Reconhecido como um dos principais guitarristas do rock nacional, Scandurra cita que foi Jimi Hendrix, inclisive, quem elevou a guitarra ao patamar de instrumento de destaque na música do século 20.

"Ele ajudou a consolidar a imagem do guitarrista como um líder de banda, assim como o Pete Townsend, do The Who, e o Jimmy Page, do Led Zeppelin, fariam depois. Ele foi pioneiro nesse sentido, de ser o grande comandante de um conjunto de rock", enfatiza o músico.

Marcos Bragatto frisa Hendrix trouxe uma nova concepção para o universo pop no geral.

"Ele foi fundamental para o nascimento do heavy metal e para a difusão do peso (como sinônimo de distorção, guitarra distorcida) na música dos anos 1970; pavimentou o caminho para os guitarristas solo, que virariam uma coqueluche a partir da década de 80 (leia-se Joe Satriani, Steve Vai, etc); foi referência para o grunge/stoner rock nos anos 90, talvez o último grande movimento músico-cultural do rock. Mesmo nas bandas do chamado 'novo rock', da virada de 2000 para cá, é latente a influência de Hendrix, seja no som dos Arctic Monkeys como no dos Foo Fighters", realça o jornalista antes de acrescentar:

"No Brasil, ele influenciou toda a MPB, desde o tropicalismo com os Mutantes, passando pelo 'rock antes do rock' dos Novos Baianos, Belchior e Zé Ramalho, até o rock'n'roller cinquentista Raul Seixas", complementa.

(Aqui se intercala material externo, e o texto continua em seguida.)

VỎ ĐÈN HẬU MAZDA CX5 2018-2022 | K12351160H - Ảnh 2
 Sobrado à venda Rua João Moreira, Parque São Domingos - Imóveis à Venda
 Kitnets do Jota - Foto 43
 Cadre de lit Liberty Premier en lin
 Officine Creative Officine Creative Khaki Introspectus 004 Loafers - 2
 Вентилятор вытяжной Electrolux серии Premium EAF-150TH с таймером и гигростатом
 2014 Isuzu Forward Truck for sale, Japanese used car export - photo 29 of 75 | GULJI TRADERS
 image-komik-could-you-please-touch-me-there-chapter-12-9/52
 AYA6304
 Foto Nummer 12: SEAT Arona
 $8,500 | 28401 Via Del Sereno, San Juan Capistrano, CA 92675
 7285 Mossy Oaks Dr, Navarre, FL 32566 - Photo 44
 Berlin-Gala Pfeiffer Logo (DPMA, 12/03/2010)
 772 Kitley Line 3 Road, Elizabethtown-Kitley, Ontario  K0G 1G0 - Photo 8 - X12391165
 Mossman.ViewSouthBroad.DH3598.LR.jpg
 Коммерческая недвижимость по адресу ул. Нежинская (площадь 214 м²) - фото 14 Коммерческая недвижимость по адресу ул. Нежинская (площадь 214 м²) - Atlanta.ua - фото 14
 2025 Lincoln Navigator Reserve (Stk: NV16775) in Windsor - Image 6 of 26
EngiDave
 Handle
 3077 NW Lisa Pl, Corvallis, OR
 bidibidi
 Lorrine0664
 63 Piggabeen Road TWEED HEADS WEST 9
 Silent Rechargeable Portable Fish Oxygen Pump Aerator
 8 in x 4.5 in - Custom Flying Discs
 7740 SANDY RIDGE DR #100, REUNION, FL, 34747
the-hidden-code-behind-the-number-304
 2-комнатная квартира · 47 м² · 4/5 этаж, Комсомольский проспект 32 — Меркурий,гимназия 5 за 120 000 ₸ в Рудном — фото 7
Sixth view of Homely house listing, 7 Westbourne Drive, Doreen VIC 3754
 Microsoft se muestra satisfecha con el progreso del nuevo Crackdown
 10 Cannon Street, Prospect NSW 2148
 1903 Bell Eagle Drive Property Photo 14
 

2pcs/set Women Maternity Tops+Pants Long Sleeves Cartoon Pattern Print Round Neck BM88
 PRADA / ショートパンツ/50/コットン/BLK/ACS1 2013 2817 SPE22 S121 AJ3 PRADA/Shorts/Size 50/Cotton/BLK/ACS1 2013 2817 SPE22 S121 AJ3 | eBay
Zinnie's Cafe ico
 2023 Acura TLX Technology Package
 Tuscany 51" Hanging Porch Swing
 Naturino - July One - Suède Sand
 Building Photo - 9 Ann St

Por tudo isso, Bragatto afirma, Hendrix será sempre a maior referência para aspirantes a guitarristas de qualquer geração.

"Não há quem não comece a aprender a tocar guitarra e não tenha Hendrix como lição de casa", detalha.

Em outras palavra, Jimi Hendrix é o guitar hero supremo.

"Lembro de uma entrevista clássica de Eric Clapton, ainda no começo de carreira, quando ele era considerado o 'Deus da guitarra', em que diz que ao ouvir Hendrix pela primeira vez, pensou em desistir de tocar. Isso dá bem a medida da grandeza desse artista incomparável chamado Jimi Hendrix. Sua maestria foi e sempre será algo inatingível", resume.